Closed
Description
My PR build failed:
with:
java.lang.NullPointerException
at __randomizedtesting.SeedInfo.seed([DDA237697902E2F7:858F7759E359C12]:0)
at org.elasticsearch.index.engine.InternalEngineTests.lambda$testLookupSeqNoByIdInLucene$50(InternalEngineTests.java:4004)
at org.elasticsearch.index.engine.InternalEngineTests.testLookupSeqNoByIdInLucene(InternalEngineTests.java:4031)
I can easily reproduce this with the seed DDA237697902E2F7. I cut down the test case to following (which indexes a doc, does a refresh, deletes the doc and then merges, loosing the ability to lookup the doc/seqno by ID):
public void testLookupSeqNoByIdInLucene2() throws Exception {
Settings.Builder settings = Settings.builder()

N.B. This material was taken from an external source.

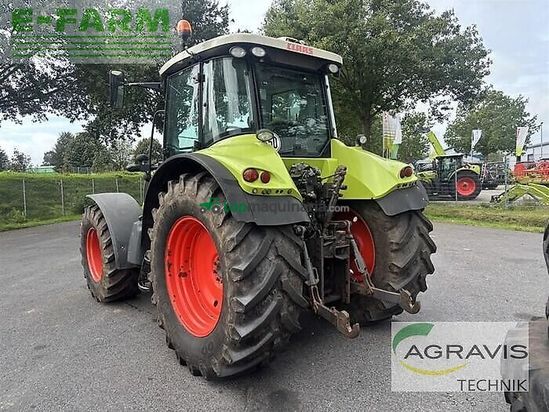 Tractor agrícola - Claas - arion 620 cis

.put(defaultSettings.getSettings())
.put(IndexSettings.INDEX_SOFT_DELETES_SETTING.getKey(), true);
final IndexMetaData indexMetaData = IndexMetaData.builder(defaultSettings.getIndexMetaData()).settings(settings).build();
final IndexSettings indexSettings = IndexSettingsModule.newIndexSettings(indexMetaData);
Map<String, Engine.Operation> latestOps = new HashMap<>(); // id -> latest seq_no
try (Store store = createStore();
InternalEngine engine = createEngine(config(indexSettings, store, createTempDir(), newMergePolicy(), null))) {
final ParsedDocument doc = EngineTestCase.createParsedDoc("23", null);
engine.index(new Engine.Index(EngineTestCase.newUid(doc), doc, 1, primaryTerm.get(),
1, null, Engine.Operation.Origin.REPLICA, threadPool.relativeTimeInMillis(), -1, true, UNASSIGNED_SEQ_NO, 0L));
engine.refresh("test");
engine.delete(new Engine.Delete(doc.type(), doc.id(), EngineTestCase.newUid(doc), 3, primaryTerm.get(),
1, null, Engine.Operation.Origin.REPLICA, threadPool.relativeTimeInMillis(), UNASSIGNED_SEQ_NO, 0L));
try (Searcher searcher = engine.acquireSearcher("test", Engine.SearcherScope.INTERNAL)) {
logger.info("before merge: " + searcher.reader().numDocs() + ", " + searcher.reader().maxDoc());
}
engine.forceMerge(true);
try (Searcher searcher = engine.acquireSearcher("test", Engine.SearcherScope.INTERNAL)) {
logger.info("after merge: " + searcher.reader().numDocs() + ", " + searcher.reader().maxDoc());
DocIdAndSeqNo docIdAndSeqNo = VersionsAndSeqNoResolver.loadDocIdAndSeqNo(searcher.reader(), newUid("23"));
assertNotNull(docIdAndSeqNo);
}
}
}
I tried disabling the new PrunePostingsMergePolicy
and this made the problem go away. As far as I can see, we do use this lookup by ID in InternalEngine.planIndexingAsNonPrimary
and planDeletionAsNonPrimary
in the case where the seqNo received is below local checkpoint.
I am unsure if this part can be removed now and simply always treat all ops below local checkpoint as stale? Therefore raising this issue to gather input.